◆ **SUPPLIED MATERIAL**:
===
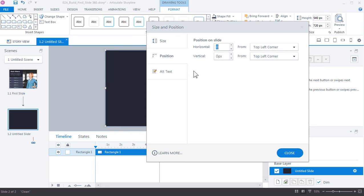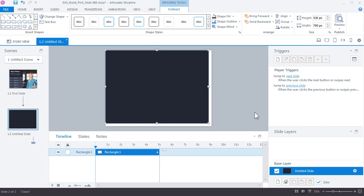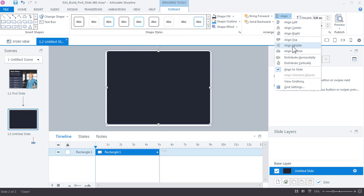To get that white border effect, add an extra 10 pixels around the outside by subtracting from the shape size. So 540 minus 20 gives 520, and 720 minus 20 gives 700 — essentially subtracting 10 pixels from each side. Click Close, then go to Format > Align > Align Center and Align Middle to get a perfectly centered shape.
===
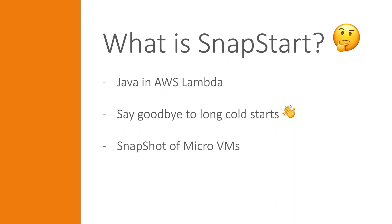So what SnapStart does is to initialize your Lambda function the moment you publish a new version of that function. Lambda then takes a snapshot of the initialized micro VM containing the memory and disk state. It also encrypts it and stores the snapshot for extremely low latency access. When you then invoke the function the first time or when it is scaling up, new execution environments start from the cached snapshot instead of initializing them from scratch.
===
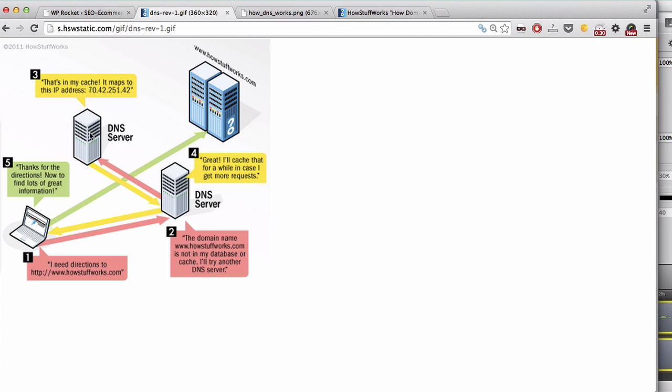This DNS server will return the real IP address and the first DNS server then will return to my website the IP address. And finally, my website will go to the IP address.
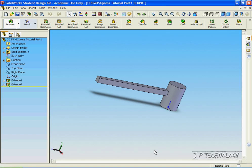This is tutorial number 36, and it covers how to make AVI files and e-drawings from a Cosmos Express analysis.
===
◆ **YOUR OBJECTIVE**: Repeat exactly the stretch of the listing above that starts with the line holding "This DNS server" and finishes with the line holding "This is tutorial", both included. Skip every picture.

◆ **ANSWER SPACE**:
This DNS server will return the real IP address and the first DNS server then will return to my website the IP address. And finally, my website will go to the IP address.
This is tutorial number 36, and it covers how to make AVI files and e-drawings from a Cosmos Express analysis.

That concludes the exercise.